De Saint-Amour jusqu’aux proches parages de Lyon, le gamay est chez lui, dans un décor de collines douces et de routes flâneuses qui sinuent entre climats choisis et crus fameux. La vigne y habille des paysages profondément humanisés et sert d’écrin à d’innombrables châteaux, qui témoignent de la forte empreinte de l’histoire dans ces terroirs. Que ce soit vers le nord dans la région des crus en majesté, ou vers le sud dans le pays des Pierres dorées, ou entre les deux, où se déroule le ruban fertile des beaujolais-villages, partout l’harmonie entre la nature et le bâti, la très ancienne alliance entre la vigne et les vieilles pierres font le charme ininterrompu de ces campagnes souriantes.
Si le château en Beaujolais est la plus belle parure du vignoble, il offre aussi, aux vins de son domaine, le plus somptueux des logements, dans la pénombre odorante de ses caves monumentales, aux allures de basiliques souterraines.
Caves et cuvages, cuviers et caveaux
Sous d’antiques charpentes ou d’admirables voûtes séculaires se trament les mystères du vin, au fil de ses métamorphoses successives : l’alchimie commence, au soir des vendanges, dans le « cuvage », antichambre de la cave. Le cuvage, terme régionaliste, désigne en Beaujolais ce qu’ailleurs on appelle un cuvier : local de fabrication du vin, il abrite les pressoirs et les cuves, où vont se faire les fermentations. Plusieurs anciens domaines ont conservé un imposant pressoir à écureuil : ce genre de pressoir, datant de la fin du XVIIIe siècle et typique du Beaujolais, présente une roue verticale que le pressureur fait tourner en avançant, comme un écureuil fait tourner la roue de sa cage. Cette roue en entraîne une seconde, horizontale, faisant descendre de gros madriers de bois qui écrasent le raisin. À cause des dimensions de ce type de pressoirs, les cuvages étaient construits avec de hautes charpentes en bois, souvent de très belle facture.
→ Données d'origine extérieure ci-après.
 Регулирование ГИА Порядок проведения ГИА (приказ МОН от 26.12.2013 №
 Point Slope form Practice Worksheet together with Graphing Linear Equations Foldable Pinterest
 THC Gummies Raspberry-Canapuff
Après le pressurage, le moût est pompé vers les foudres et barriques de la cave, lieu souterrain d’élevage et de conservation du vin, auquel les propriétaires ont accordé, depuis le début du XVIIe siècle, une importance primordiale – ne dit-on pas, traditionnellement, « en Beaujolais, la cave fait le vin » ? Ce qui explique les dimensions monumentales et l’architecture soignée, à la fois puissante et élégante, des voûtes en berceau ou en anse de panier de ces nombreuses caves beaujolaises qui furent construites à grands frais et ont traversé les siècles. Le sous-sol local leur a fourni un matériau d’excellente qualité : granite dans le Haut-Beaujolais (en particulier la caractéristique « pierre bleue des Brouilly »), calcaire à grain fin dans le Beaujolais méridional (les fameuses « pierres dorées »).
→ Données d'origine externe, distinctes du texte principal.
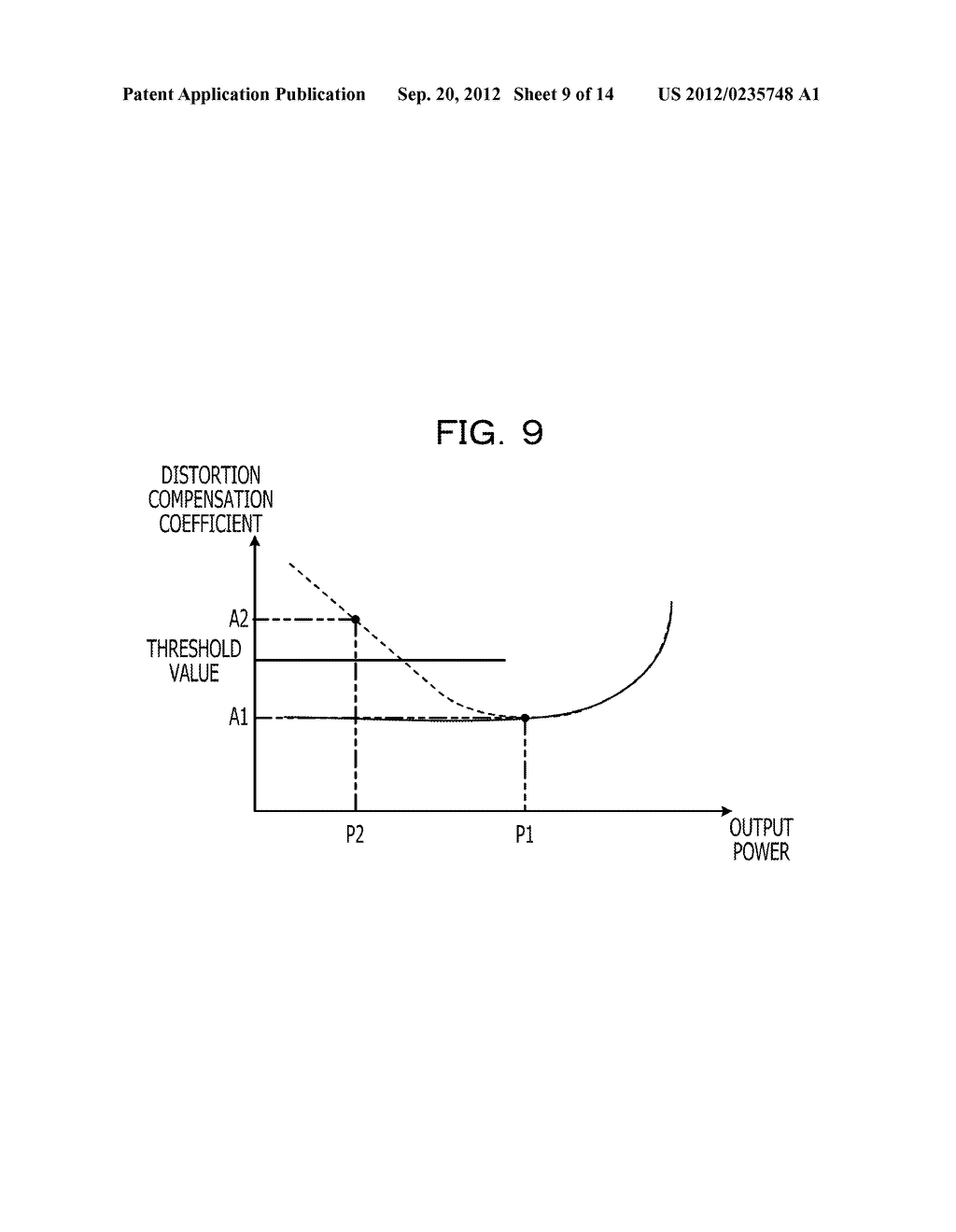 AMPLIFIER, TRANSMISSION APPARATUS, AND GATE VOLTAGE DETERMINATION METHOD - diagram, schematic, and image 10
Les premiers châteaux du vin à la Renaissance
À travers les caves et cuviers se raconte l’histoire de la lente conquête de la vigne dans ces terroirs depuis le XVIe siècle, époque à laquelle les tout premiers vignobles de qualité se développèrent, dans la partie nord-ouest. Le vieil historien du pays, Guillaume Paradin, vers 1572, citait déjà « Brullié » (Brouilly) comme un cru renommé. Le château de Varennes, à Quincié, témoigne de cette première phase d’implantation de la vigne : il a conservé d’importants communs de cette époque dédiés aux activités viti-vinicoles. Une belle halle portée par des poteaux de bois aux moulures de style encore gothique donne accès au cuvage et aux caves qui, agrandies au XIXe siècle, abritent toujours les vins du domaine.
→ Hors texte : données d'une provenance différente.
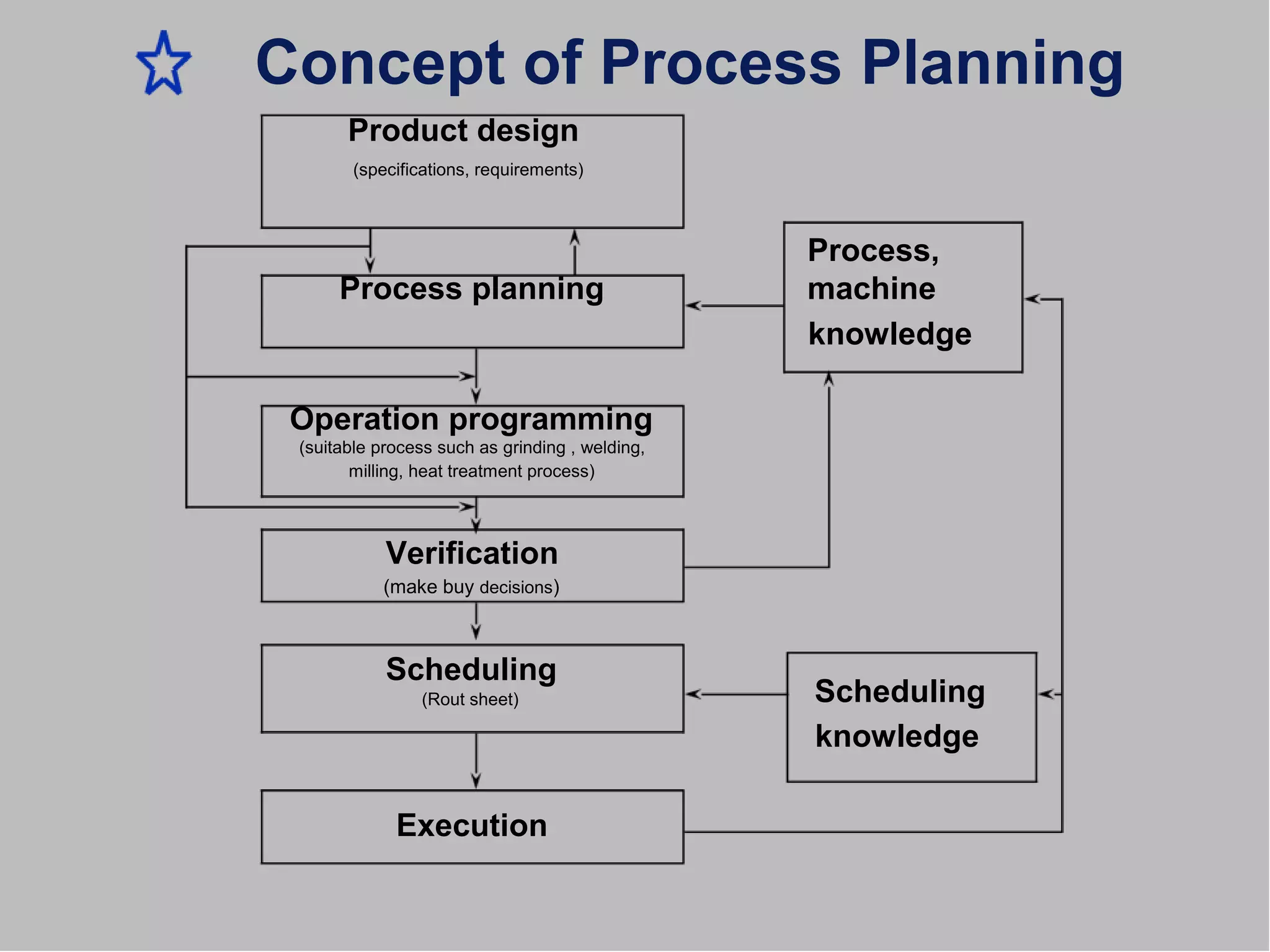 Concept of Process Planning
Product design
(specifications, requirements)
Process,
Process planning machine
knowledge
Operation programming
(suitable process such as grinding , welding,
milling, heat treatment process)
Verification
(make buy decisions)
Scheduling
Scheduling
(Rout sheet)
knowledge
Execution
 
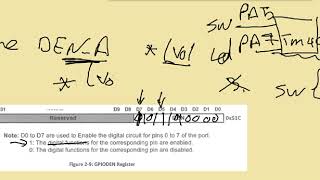 6   GPIO Configure Digital Enable Register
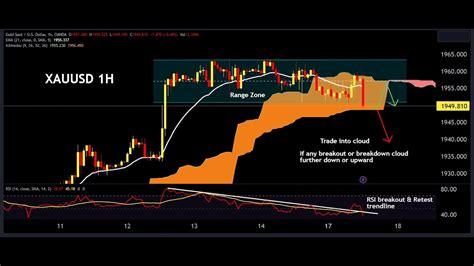 Xauusd Live Stream Signal Price Action Range Zone Gold Scalping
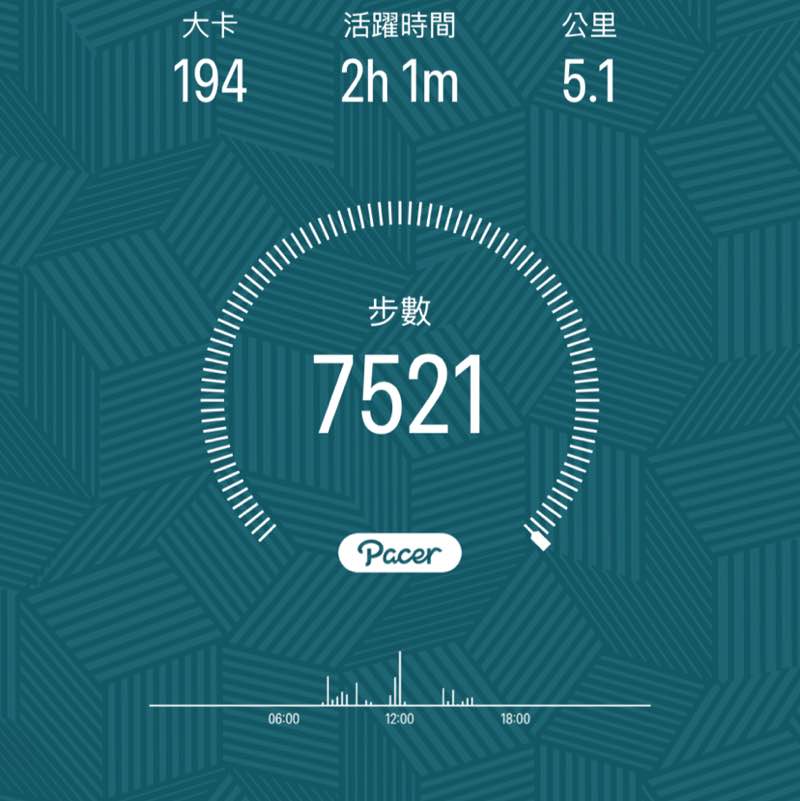 小宵 こなん post 1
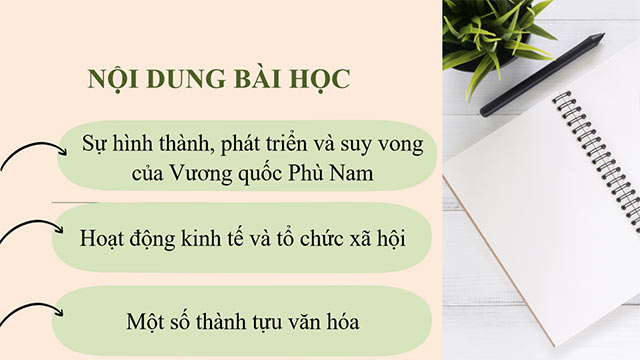 PowerPoint Vương quốc Phù Nam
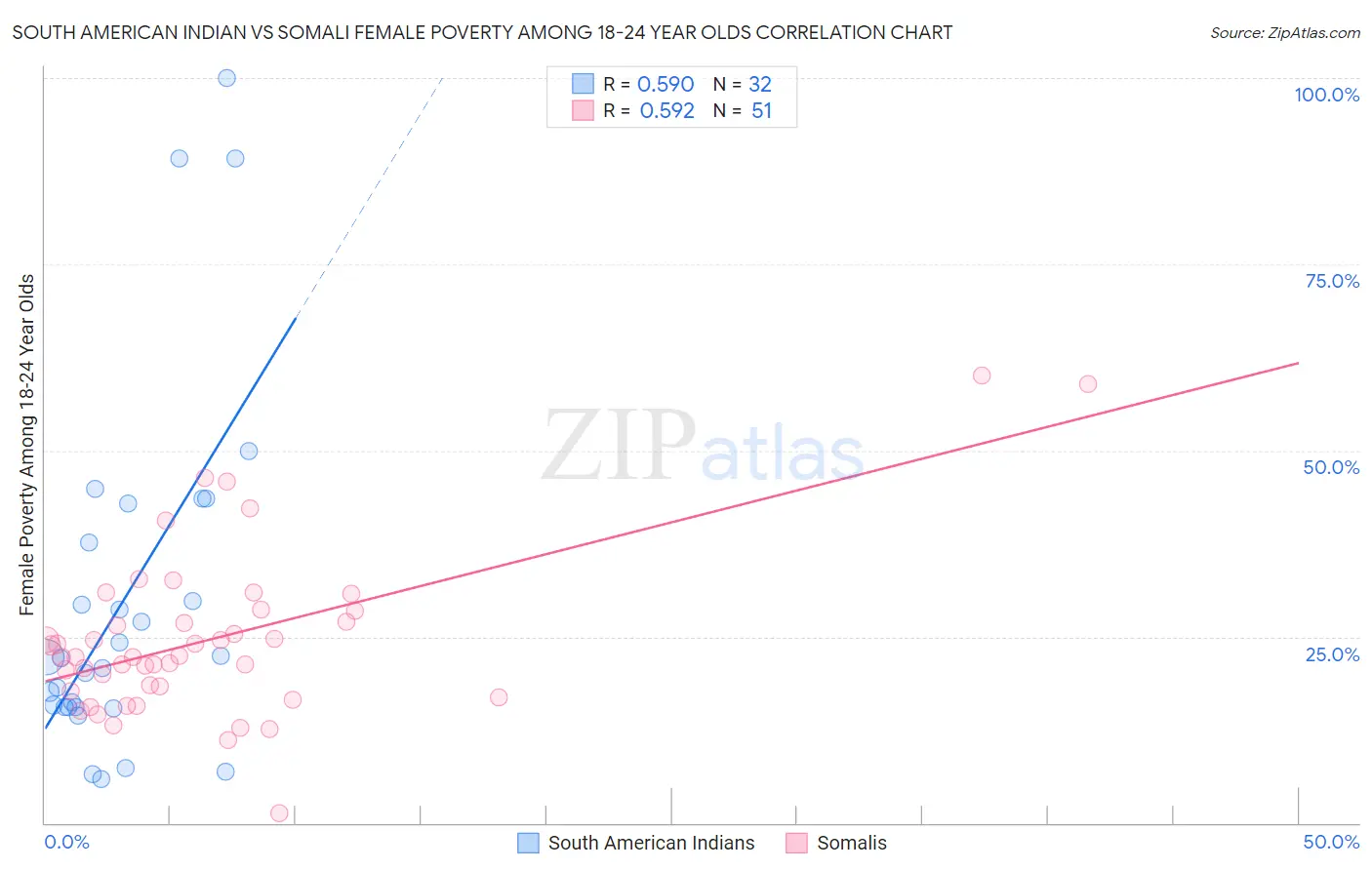 South American Indian vs Somali Female Poverty Among 18-24 Year Olds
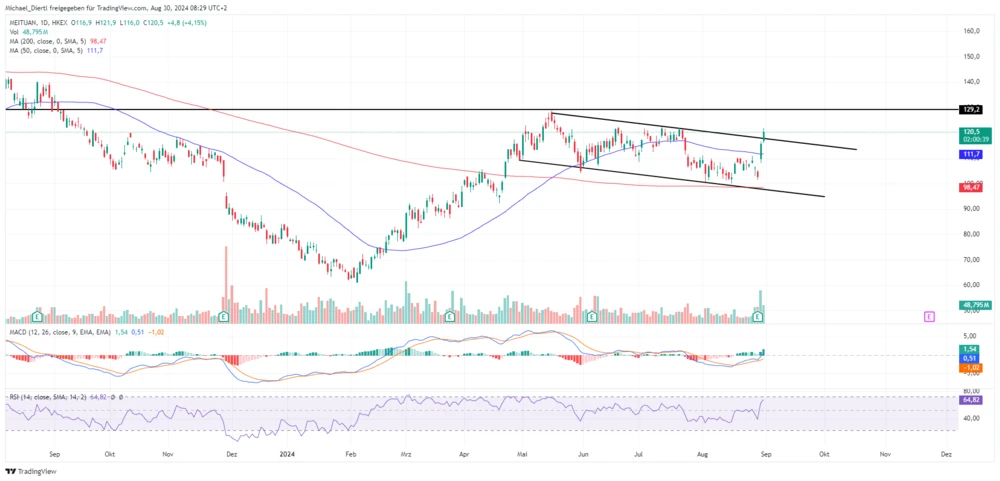 Meituan Tageschart in Hongkong Dollar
De la fin de la Renaissance datent aussi les plus anciennes caves du château de La Roche, à Jullié : si l’imposante demeure a été reconstruite au XVIIe siècle par le fastueux président de la Cour des monnaies de Lyon, Aimé Charrier de La Roche, les caves, remarquables par leur profondeur et leur étendue, existaient auparavant, comme l’atteste la date de 1592 gravée sur le portail qui ouvre sur ces caves.
À Villié-Morgon, la famille de Saint-Amour, qui possédait le fief de Fontcrenne depuis le Moyen Âge, se préoccupa également de faire fructifier la vigne sur cet excellent terroir : c’est à cette époque que remonte la création du beau caveau situé sous le château qui abrite aujourd’hui la mairie.
Le Grand Siècle côté caves
Sous l’impulsion de plusieurs de ces grands seigneurs, propriétaires de très vastes domaines, le vignoble beaujolais s’accroît au XVIIe siècle, et les vins connaissent un premier essor d’envergure, acheminés vers Paris par la Loire et le canal de Briare ouvert en 1642. C’est alors qu’aristocrates et riches magistrats lyonnais firent construire, dans leurs châteaux beaujolais, d’importants bâtiments pour accueillir, au rez-de-chaussée cuves et pressoirs et au sous-sol les futailles. Ainsi Tircuy de La Barre, seigneur de Corcelles, ajouta, à sa noble gentilhommière, un grand cuvier à charpente (aujourd’hui remarquablement restaurée) et des caves voûtées en plein cintre, qui sont toujours l’épicentre d’un domaine viticole réputé. À la même époque et dans ce même triangle d’or des grands crus, on voit le château de Chénas se doter d’immenses caves voûtées en anse de panier. Ce logis de style classique fut profondément remanié sous la Restauration ; les caves, quant à elles, n’ont pas été modifiées depuis le règne du Roi-Soleil et abritent aujourd’hui la coopérative de cette appellation racée, dont les vins ont une exceptionnelle longévité.
Le grand cuvage du château de Montmelas accueille un antique pressoir à écureuil, typique du Beaujolais. Sa roue verticale, située à gauche, n’est pas visible sur la photo. La Garde, à Jarnioux. Situé dans le prolongement d’un logis XVIe et XVIIe siècle, le grand cuvage du domaine, protégé au titre des Monuments historiques depuis 2005, est couvert d’une remarquable charpente en pointe de diamant.
À l’est de Villefranche, le domaine de La Garde, à Jarnioux, présente un superbe cuvier, couvert par une charpente d’un seul tenant sans poteau de soutien, sous lequel est située une double cave.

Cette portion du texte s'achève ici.